И вот теперь, несмотря на всю свою славу, национальный герой и Спаситель мышей был почти все время один, и Матильда считала своим святым долгом присматривать за грустным героем. Особенно, когда его после занятий оставлял крючконосый профессор. Тогда Гарри расстраивался особенно сильно, и Матильде было жалко его буквально до слез.
Вот и сегодня в кабинете Зельеварения никого не осталось, только лохматый Гарри все еще возился, оттирая черный котел, а Матильда в знак поддержки сидела под соседним столом, чтобы Гарри знал, что он не один. Она уже почти официально считала себя мышью героя.
Неожиданно скрипнула дверь, и белобрысый вошел в кабинет.
— Поттер, ты здесь не видел мое перо?
— Нет, — лохматый даже не поднял головы от котла, несмотря на то, что его спина напряглась.
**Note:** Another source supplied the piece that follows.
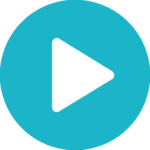 fmovies-hd.to icon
И Матильде было досадно, что Гарри не видит того, что ей было видно даже из-за ножки стола: как подошедший к нему белобрысый смотрит и смотрит на него долгим и горьким взглядом.
— А тебя профессор снова оставил за тупость? — в голосе белобрысого была едкая злость, которой в его глазах не было и в помине — серые глаза цвета красивой мышиной шкурки смотрели на Гарри жадно, словно пытаясь вобрать целиком.